# INSTRUCTIONS TO FOLLOW
Below is a listing. Quote from it, exactly, the lines from the one containing "Closeup of a" down to the one containing "May include: A", both ends included, and nothing else.

# LISTED RECORDS
= = = = =

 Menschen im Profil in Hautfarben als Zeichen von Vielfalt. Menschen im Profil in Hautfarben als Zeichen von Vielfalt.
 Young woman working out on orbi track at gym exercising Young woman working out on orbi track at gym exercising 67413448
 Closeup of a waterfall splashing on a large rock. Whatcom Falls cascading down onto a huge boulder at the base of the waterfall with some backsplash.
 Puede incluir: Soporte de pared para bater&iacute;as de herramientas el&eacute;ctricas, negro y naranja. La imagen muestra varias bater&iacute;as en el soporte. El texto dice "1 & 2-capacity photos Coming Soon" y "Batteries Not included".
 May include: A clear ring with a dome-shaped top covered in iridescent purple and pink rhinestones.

= = = = =

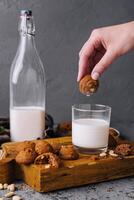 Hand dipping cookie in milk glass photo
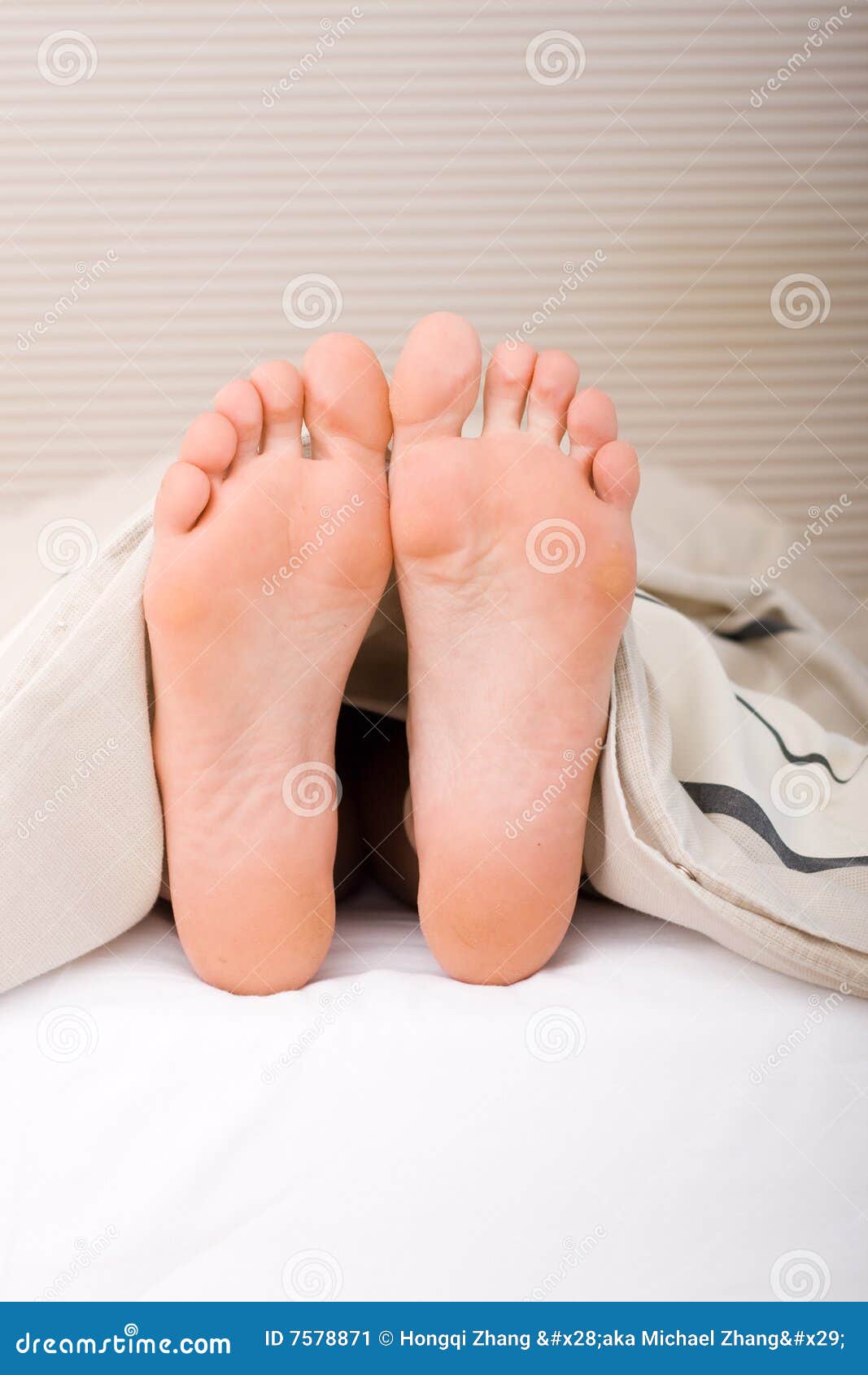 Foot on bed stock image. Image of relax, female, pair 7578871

= = = = =

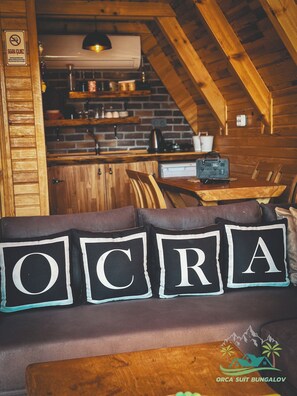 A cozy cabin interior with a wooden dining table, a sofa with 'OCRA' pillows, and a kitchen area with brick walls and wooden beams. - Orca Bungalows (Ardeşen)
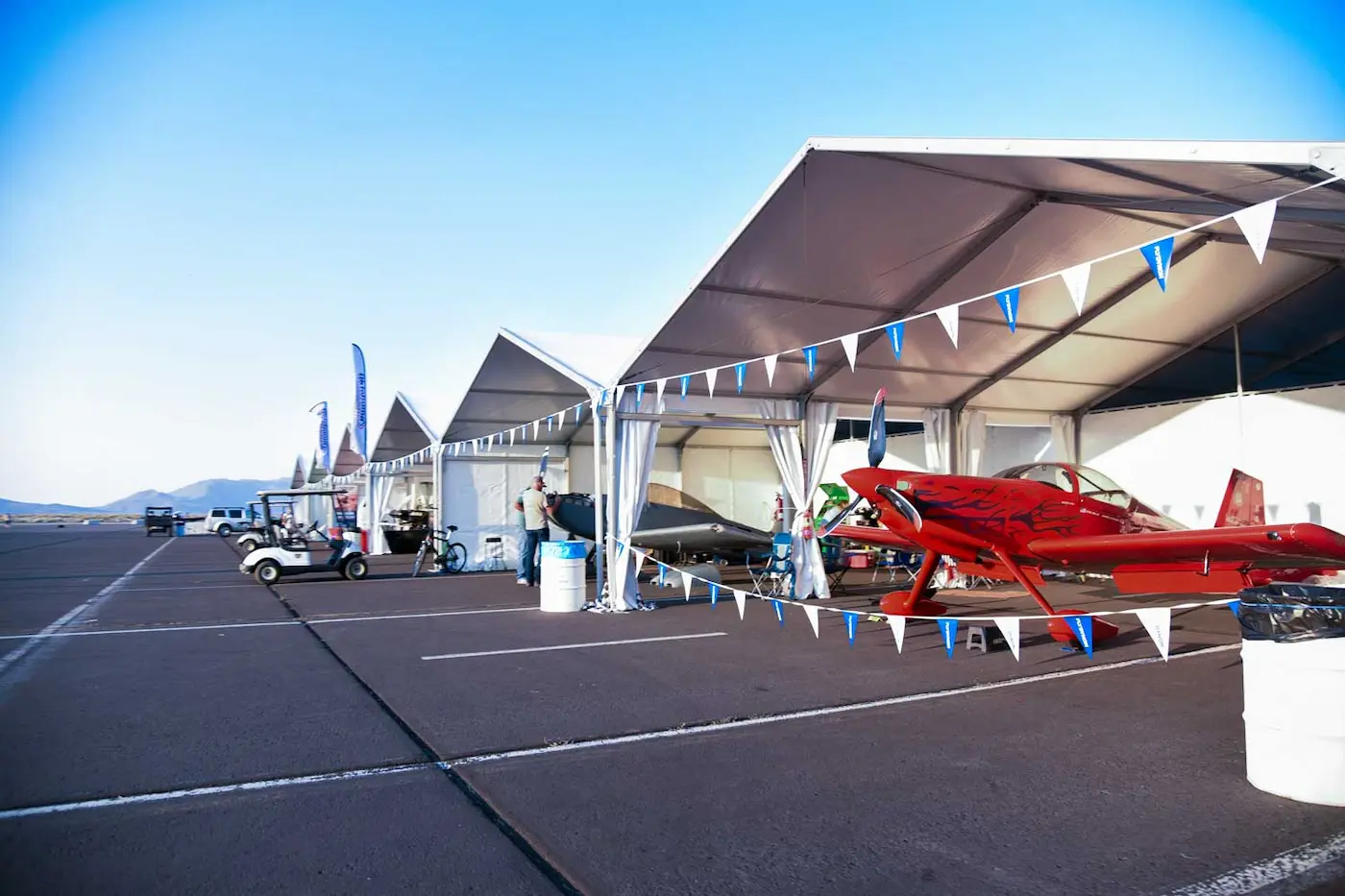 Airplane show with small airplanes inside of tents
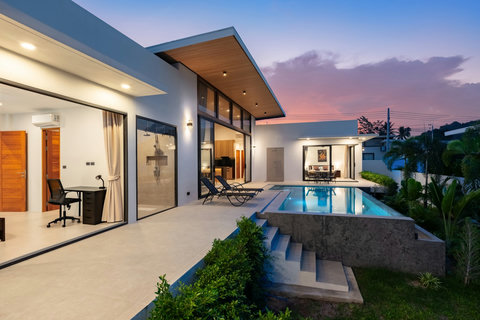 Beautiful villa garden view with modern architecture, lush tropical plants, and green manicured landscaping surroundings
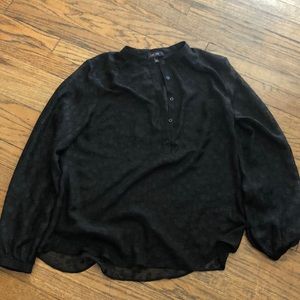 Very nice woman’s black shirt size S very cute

= = = = =

# ANSWER FOR THIS EXERCISE
 Closeup of a waterfall splashing on a large rock. Whatcom Falls cascading down onto a huge boulder at the base of the waterfall with some backsplash.
 Puede incluir: Soporte de pared para bater&iacute;as de herramientas el&eacute;ctricas, negro y naranja. La imagen muestra varias bater&iacute;as en el soporte. El texto dice "1 & 2-capacity photos Coming Soon" y "Batteries Not included".
 May include: A clear ring with a dome-shaped top covered in iridescent purple and pink rhinestones.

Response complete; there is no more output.